From: Kirill A. Shutemov
Date: Mon Oct 07 2024 - 05:01:58 EST


On Tue, Sep 03, 2024 at 04:22:31PM -0700, Anthony Yznaga wrote:
> This patch series implements a mechanism that allows userspace
> processes to opt into sharing PTEs. It adds a new in-memory
> filesystem - msharefs. A file created on msharefs represents a
> shared region where all processes mapping that region will map
> objects within it with shared PTEs. When the file is created,
> a new host mm struct is created to hold the shared page tables
> and vmas for objects later mapped into the shared region.
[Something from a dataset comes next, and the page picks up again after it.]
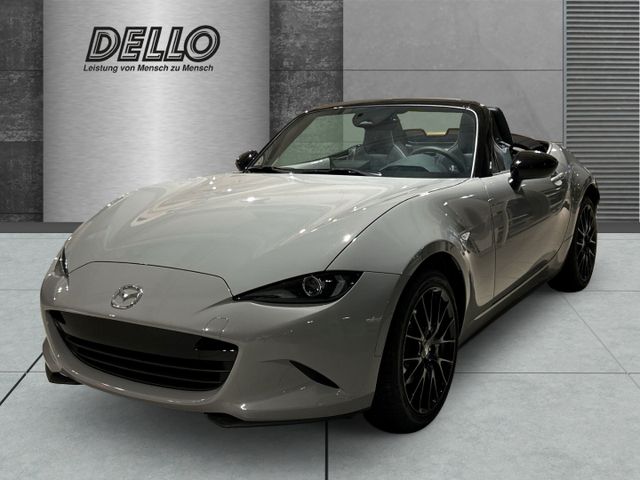 Mazda MX-5 Homura Recaro-Sportsitze Brembo-Bremsanlage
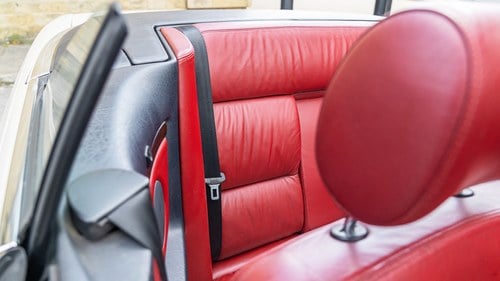 1997 Audi 2.8 Cabriolet For Sale (picture 43 of 95)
This
> host mm struct is associated with the file and not with a task.

Taskless mm_struct can be problematic. Like, we don't have access to it's
counters because it is not represented in /proc. For instance, there's no
way to check its smaps.

Also, I *think* it is immune to oom-killer because oom-killer looks for a
victim task, not mm.
I hope it is not an intended feature :P

> When a process mmap's the shared region, a vm flag VM_SHARED_PT
> is added to the vma. On page fault the vma is checked for the
> presence of the VM_SHARED_PT flag.

I think it is wrong approach.

Instead of spaying VM_SHARED_PT checks across core-mm, we need to add a
generic hooks that can be used by mshare and hugetlb. And remove
is_vm_hugetlb_page() check from core-mm along the way.

BTW, is_vm_hugetlb_page() callsites seem to be the indicator to check if
mshare has to do something differently there. I feel you miss a lot of
such cases.

--
Kiryl Shutsemau / Kirill A. Shutemov